**YOUR INSTRUCTIONS:**
When copying the data, keep every line exactly the same.

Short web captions
*** Begin section ***

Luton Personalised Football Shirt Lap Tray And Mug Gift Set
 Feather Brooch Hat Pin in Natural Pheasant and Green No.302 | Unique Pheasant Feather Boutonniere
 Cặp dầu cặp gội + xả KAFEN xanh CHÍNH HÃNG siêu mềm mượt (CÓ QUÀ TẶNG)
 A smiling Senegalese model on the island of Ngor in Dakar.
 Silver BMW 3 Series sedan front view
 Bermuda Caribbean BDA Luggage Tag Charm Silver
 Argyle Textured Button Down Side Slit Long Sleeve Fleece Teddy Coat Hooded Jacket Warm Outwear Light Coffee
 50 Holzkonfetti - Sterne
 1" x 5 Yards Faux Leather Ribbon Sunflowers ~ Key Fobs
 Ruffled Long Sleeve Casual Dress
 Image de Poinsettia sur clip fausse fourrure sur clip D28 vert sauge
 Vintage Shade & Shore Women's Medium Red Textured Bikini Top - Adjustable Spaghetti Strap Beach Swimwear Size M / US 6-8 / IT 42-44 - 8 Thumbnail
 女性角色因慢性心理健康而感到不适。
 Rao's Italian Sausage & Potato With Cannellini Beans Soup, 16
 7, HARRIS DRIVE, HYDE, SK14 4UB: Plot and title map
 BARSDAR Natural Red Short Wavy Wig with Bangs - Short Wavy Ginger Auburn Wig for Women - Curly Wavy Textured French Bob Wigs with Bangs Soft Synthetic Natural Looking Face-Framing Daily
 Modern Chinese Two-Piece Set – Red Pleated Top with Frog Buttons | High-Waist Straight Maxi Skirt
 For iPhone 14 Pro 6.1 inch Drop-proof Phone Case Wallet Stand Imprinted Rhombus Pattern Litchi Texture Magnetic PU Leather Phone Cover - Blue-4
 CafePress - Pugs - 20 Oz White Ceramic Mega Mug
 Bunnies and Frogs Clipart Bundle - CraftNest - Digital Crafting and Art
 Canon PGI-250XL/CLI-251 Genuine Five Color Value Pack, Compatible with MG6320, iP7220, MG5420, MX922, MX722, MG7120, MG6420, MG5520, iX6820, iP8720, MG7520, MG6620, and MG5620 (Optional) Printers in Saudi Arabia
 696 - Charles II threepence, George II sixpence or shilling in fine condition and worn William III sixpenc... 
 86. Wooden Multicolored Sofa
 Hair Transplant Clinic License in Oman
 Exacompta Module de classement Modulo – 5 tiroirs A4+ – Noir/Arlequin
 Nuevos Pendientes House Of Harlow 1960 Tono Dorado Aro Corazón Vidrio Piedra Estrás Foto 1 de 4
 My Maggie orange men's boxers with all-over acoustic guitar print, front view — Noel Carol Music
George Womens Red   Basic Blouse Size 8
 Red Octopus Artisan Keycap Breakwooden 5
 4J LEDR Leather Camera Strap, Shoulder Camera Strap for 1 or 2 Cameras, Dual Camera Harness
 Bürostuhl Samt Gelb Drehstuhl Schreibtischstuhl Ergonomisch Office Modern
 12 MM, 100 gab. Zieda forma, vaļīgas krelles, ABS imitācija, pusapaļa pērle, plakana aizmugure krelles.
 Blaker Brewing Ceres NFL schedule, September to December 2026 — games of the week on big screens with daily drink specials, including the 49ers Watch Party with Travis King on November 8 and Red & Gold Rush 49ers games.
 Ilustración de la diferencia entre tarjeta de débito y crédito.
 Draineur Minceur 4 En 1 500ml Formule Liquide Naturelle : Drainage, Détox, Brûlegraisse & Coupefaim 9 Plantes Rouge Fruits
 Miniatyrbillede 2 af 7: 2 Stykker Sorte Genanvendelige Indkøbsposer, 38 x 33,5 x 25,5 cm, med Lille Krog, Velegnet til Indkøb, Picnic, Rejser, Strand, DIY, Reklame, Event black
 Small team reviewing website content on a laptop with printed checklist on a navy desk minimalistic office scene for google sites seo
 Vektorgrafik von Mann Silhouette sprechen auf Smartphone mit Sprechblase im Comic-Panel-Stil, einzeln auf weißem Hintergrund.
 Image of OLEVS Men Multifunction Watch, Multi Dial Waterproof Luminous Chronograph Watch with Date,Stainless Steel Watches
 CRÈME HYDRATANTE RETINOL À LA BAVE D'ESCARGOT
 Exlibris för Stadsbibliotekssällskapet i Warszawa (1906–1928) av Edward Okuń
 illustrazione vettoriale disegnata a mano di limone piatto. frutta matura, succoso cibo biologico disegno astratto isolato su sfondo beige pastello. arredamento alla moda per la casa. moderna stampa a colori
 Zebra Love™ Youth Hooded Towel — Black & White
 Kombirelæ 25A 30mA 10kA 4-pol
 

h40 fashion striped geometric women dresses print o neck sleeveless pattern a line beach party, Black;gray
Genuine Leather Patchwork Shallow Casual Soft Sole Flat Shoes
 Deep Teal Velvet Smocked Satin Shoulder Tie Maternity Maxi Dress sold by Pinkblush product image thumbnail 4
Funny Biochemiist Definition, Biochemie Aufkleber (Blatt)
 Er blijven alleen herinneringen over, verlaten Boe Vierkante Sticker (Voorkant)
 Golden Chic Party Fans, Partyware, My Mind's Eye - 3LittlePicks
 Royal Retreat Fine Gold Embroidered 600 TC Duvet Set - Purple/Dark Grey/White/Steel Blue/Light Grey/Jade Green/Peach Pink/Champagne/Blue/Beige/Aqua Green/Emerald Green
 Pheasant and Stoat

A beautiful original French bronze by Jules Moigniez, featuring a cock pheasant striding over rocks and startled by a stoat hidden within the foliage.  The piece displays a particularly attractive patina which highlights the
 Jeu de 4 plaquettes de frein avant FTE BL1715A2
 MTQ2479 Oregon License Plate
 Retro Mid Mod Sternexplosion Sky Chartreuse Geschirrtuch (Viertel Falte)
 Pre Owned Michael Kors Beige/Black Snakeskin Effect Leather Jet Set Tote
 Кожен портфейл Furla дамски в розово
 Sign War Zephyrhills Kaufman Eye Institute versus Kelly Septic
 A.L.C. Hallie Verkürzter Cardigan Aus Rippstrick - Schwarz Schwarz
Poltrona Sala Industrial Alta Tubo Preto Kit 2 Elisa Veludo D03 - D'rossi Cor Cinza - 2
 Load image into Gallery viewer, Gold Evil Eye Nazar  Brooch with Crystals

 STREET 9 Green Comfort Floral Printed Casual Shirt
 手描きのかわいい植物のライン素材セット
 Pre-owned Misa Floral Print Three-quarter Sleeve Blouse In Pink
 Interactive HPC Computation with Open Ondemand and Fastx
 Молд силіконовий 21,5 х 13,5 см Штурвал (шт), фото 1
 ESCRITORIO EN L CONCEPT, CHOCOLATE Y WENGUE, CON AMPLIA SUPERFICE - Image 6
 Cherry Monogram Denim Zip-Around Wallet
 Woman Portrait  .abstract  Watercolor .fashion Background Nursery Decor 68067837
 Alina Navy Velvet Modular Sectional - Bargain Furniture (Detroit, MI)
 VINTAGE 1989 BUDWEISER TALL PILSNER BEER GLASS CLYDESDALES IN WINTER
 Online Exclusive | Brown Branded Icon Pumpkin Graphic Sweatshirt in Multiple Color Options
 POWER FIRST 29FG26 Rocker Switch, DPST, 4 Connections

*** End section ***

**RESPONSE AREA:**
Luton Personalised Football Shirt Lap Tray And Mug Gift Set
 Feather Brooch Hat Pin in Natural Pheasant and Green No.302 | Unique Pheasant Feather Boutonniere
 Cặp dầu cặp gội + xả KAFEN xanh CHÍNH HÃNG siêu mềm mượt (CÓ QUÀ TẶNG)
 A smiling Senegalese model on the island of Ngor in Dakar.
 Silver BMW 3 Series sedan front view
 Bermuda Caribbean BDA Luggage Tag Charm Silver
 Argyle Textured Button Down Side Slit Long Sleeve Fleece Teddy Coat Hooded Jacket Warm Outwear Light Coffee
 50 Holzkonfetti - Sterne
 1" x 5 Yards Faux Leather Ribbon Sunflowers ~ Key Fobs
 Ruffled Long Sleeve Casual Dress
 Image de Poinsettia sur clip fausse fourrure sur clip D28 vert sauge
 Vintage Shade & Shore Women's Medium Red Textured Bikini Top - Adjustable Spaghetti Strap Beach Swimwear Size M / US 6-8 / IT 42-44 - 8 Thumbnail
 女性角色因慢性心理健康而感到不适。
 Rao's Italian Sausage & Potato With Cannellini Beans Soup, 16
 7, HARRIS DRIVE, HYDE, SK14 4UB: Plot and title map
 BARSDAR Natural Red Short Wavy Wig with Bangs - Short Wavy Ginger Auburn Wig for Women - Curly Wavy Textured French Bob Wigs with Bangs Soft Synthetic Natural Looking Face-Framing Daily
 Modern Chinese Two-Piece Set – Red Pleated Top with Frog Buttons | High-Waist Straight Maxi Skirt
 For iPhone 14 Pro 6.1 inch Drop-proof Phone Case Wallet Stand Imprinted Rhombus Pattern Litchi Texture Magnetic PU Leather Phone Cover - Blue-4
 CafePress - Pugs - 20 Oz White Ceramic Mega Mug
 Bunnies and Frogs Clipart Bundle - CraftNest - Digital Crafting and Art
 Canon PGI-250XL/CLI-251 Genuine Five Color Value Pack, Compatible with MG6320, iP7220, MG5420, MX922, MX722, MG7120, MG6420, MG5520, iX6820, iP8720, MG7520, MG6620, and MG5620 (Optional) Printers in Saudi Arabia
 696 - Charles II threepence, George II sixpence or shilling in fine condition and worn William III sixpenc... 
 86. Wooden Multicolored Sofa
 Hair Transplant Clinic License in Oman
 Exacompta Module de classement Modulo – 5 tiroirs A4+ – Noir/Arlequin
 Nuevos Pendientes House Of Harlow 1960 Tono Dorado Aro Corazón Vidrio Piedra Estrás Foto 1 de 4
 My Maggie orange men's boxers with all-over acoustic guitar print, front view — Noel Carol Music
George Womens Red   Basic Blouse Size 8
 Red Octopus Artisan Keycap Breakwooden 5
 4J LEDR Leather Camera Strap, Shoulder Camera Strap for 1 or 2 Cameras, Dual Camera Harness
 Bürostuhl Samt Gelb Drehstuhl Schreibtischstuhl Ergonomisch Office Modern
 12 MM, 100 gab. Zieda forma, vaļīgas krelles, ABS imitācija, pusapaļa pērle, plakana aizmugure krelles.
 Blaker Brewing Ceres NFL schedule, September to December 2026 — games of the week on big screens with daily drink specials, including the 49ers Watch Party with Travis King on November 8 and Red & Gold Rush 49ers games.
 Ilustración de la diferencia entre tarjeta de débito y crédito.
 Draineur Minceur 4 En 1 500ml Formule Liquide Naturelle : Drainage, Détox, Brûlegraisse & Coupefaim 9 Plantes Rouge Fruits
 Miniatyrbillede 2 af 7: 2 Stykker Sorte Genanvendelige Indkøbsposer, 38 x 33,5 x 25,5 cm, med Lille Krog, Velegnet til Indkøb, Picnic, Rejser, Strand, DIY, Reklame, Event black
 Small team reviewing website content on a laptop with printed checklist on a navy desk minimalistic office scene for google sites seo
 Vektorgrafik von Mann Silhouette sprechen auf Smartphone mit Sprechblase im Comic-Panel-Stil, einzeln auf weißem Hintergrund.
 Image of OLEVS Men Multifunction Watch, Multi Dial Waterproof Luminous Chronograph Watch with Date,Stainless Steel Watches
 CRÈME HYDRATANTE RETINOL À LA BAVE D'ESCARGOT
 Exlibris för Stadsbibliotekssällskapet i Warszawa (1906–1928) av Edward Okuń
 illustrazione vettoriale disegnata a mano di limone piatto. frutta matura, succoso cibo biologico disegno astratto isolato su sfondo beige pastello. arredamento alla moda per la casa. moderna stampa a colori
 Zebra Love™ Youth Hooded Towel — Black & White
 Kombirelæ 25A 30mA 10kA 4-pol
 

h40 fashion striped geometric women dresses print o neck sleeveless pattern a line beach party, Black;gray
Genuine Leather Patchwork Shallow Casual Soft Sole Flat Shoes
 Deep Teal Velvet Smocked Satin Shoulder Tie Maternity Maxi Dress sold by Pinkblush product image thumbnail 4
Funny Biochemiist Definition, Biochemie Aufkleber (Blatt)
 Er blijven alleen herinneringen over, verlaten Boe Vierkante Sticker (Voorkant)
 Golden Chic Party Fans, Partyware, My Mind's Eye - 3LittlePicks
 Royal Retreat Fine Gold Embroidered 600 TC Duvet Set - Purple/Dark Grey/White/Steel Blue/Light Grey/Jade Green/Peach Pink/Champagne/Blue/Beige/Aqua Green/Emerald Green
 Pheasant and Stoat

A beautiful original French bronze by Jules Moigniez, featuring a cock pheasant striding over rocks and startled by a stoat hidden within the foliage.  The piece displays a particularly attractive patina which highlights the
 Jeu de 4 plaquettes de frein avant FTE BL1715A2
 MTQ2479 Oregon License Plate
 Retro Mid Mod Sternexplosion Sky Chartreuse Geschirrtuch (Viertel Falte)
 Pre Owned Michael Kors Beige/Black Snakeskin Effect Leather Jet Set Tote
 Кожен портфейл Furla дамски в розово
 Sign War Zephyrhills Kaufman Eye Institute versus Kelly Septic
 A.L.C. Hallie Verkürzter Cardigan Aus Rippstrick - Schwarz Schwarz
Poltrona Sala Industrial Alta Tubo Preto Kit 2 Elisa Veludo D03 - D'rossi Cor Cinza - 2
 Load image into Gallery viewer, Gold Evil Eye Nazar  Brooch with Crystals

 STREET 9 Green Comfort Floral Printed Casual Shirt
 手描きのかわいい植物のライン素材セット
 Pre-owned Misa Floral Print Three-quarter Sleeve Blouse In Pink
 Interactive HPC Computation with Open Ondemand and Fastx
 Молд силіконовий 21,5 х 13,5 см Штурвал (шт), фото 1
 ESCRITORIO EN L CONCEPT, CHOCOLATE Y WENGUE, CON AMPLIA SUPERFICE - Image 6
 Cherry Monogram Denim Zip-Around Wallet
 Woman Portrait  .abstract  Watercolor .fashion Background Nursery Decor 68067837
 Alina Navy Velvet Modular Sectional - Bargain Furniture (Detroit, MI)
 VINTAGE 1989 BUDWEISER TALL PILSNER BEER GLASS CLYDESDALES IN WINTER
 Online Exclusive | Brown Branded Icon Pumpkin Graphic Sweatshirt in Multiple Color Options
 POWER FIRST 29FG26 Rocker Switch, DPST, 4 Connections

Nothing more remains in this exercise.